# Mahlkonig EK43S. Funnel use instead of hopper



## gherop (Jun 22, 2018)

Dear friends

I just bought a brand new EK43S for in home use. Because of lack in space I am wondering if I could withdraw BOTH the hopper and the underneath lying "adapter", that holds the hopper and instead place a funnel with max. 3.4 cm diameter. A 3.4 cm feeding diameter will assist the coffee beans to fall directly in the grinder in a similar way as using the hopper. I would appreciate any comment, suggestion or recommendation from other owners.


----------



## cambosheff (Jan 1, 2016)

https://www.artisansmith.com.au/products/ek43-smart-doser-stainless-steel-hopper


----------



## jeebsy (May 5, 2013)

An Aeropress funnel also works


----------



## gherop (Jun 22, 2018)

Why not using a glass funnel like the one in the photo


----------



## gherop (Jun 22, 2018)

The highest part of the funnel has a 12 cm diameter and the lower part has a 3.4 cm diameter and can sit on the top of the grinder, which opening is approximately 3.5 cm.


----------



## dan1502 (Sep 8, 2012)

Or a Kilner funnel for filling jam jars. There are pictures of mine on here somewhere, just grind a 3 or 4 slits in the bottom bit. Works a treat for single dosing.

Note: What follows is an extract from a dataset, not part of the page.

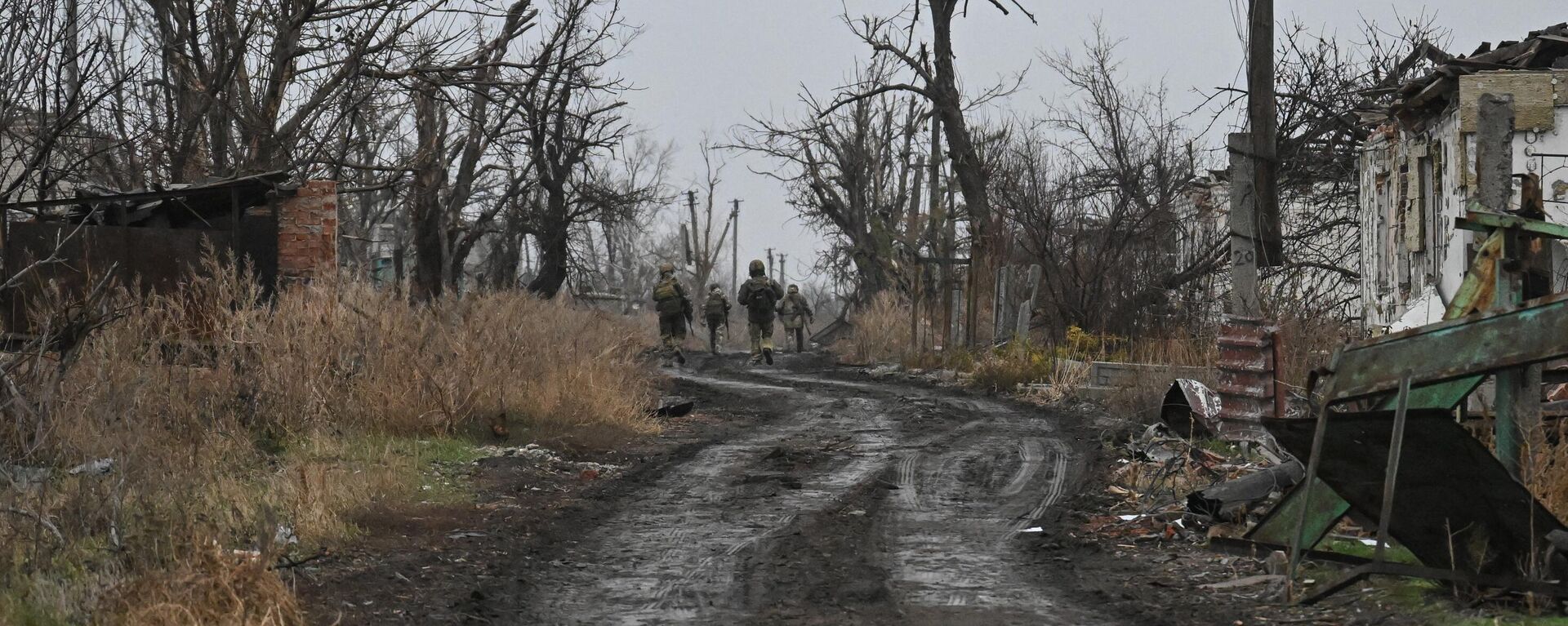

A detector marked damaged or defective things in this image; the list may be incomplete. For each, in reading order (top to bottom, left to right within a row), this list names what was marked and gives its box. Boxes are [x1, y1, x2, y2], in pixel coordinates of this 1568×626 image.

broken brick wall [276, 180, 336, 281]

https://caterspeed.co.uk/product/kilner-stainless-steel-funnel/

That one I think, but check the size.


----------



## gherop (Jun 22, 2018)

Finally I proceed buying 4x 50 ml metal receivers

https://m.ebay.co.uk/itm/2-4Pcs-Stainless-Steel-Mini-Cup-Mug-Drinking-Coffee-Beer-Tumbler-Camping-Travel/162927013845


----------



## gherop (Jun 22, 2018)

jeebsy said:


> An Aeropress funnel also works


Thanks for your reply. But is the bottom diameter of the aeropress funnel less than the 3.5 cm entrance (without hopper and adapter), of the ek43?


----------



## arellim (May 9, 2016)

gherop said:


> Thanks for your reply. But is the bottom diameter of the aeropress funnel less than the 3.5 cm entrance, without hopper and adapter, of the ek43?


I understand the throught of the ek43s is smaller than the standard Ek43 (where people typically use an Aeropress funnel as an adaptor)


----------



## gherop (Jun 22, 2018)

I think that both currently produced EK43S and EK43 are exactly the same and the only difference is the body height. So, the aeropress funell may be one of the best solutions.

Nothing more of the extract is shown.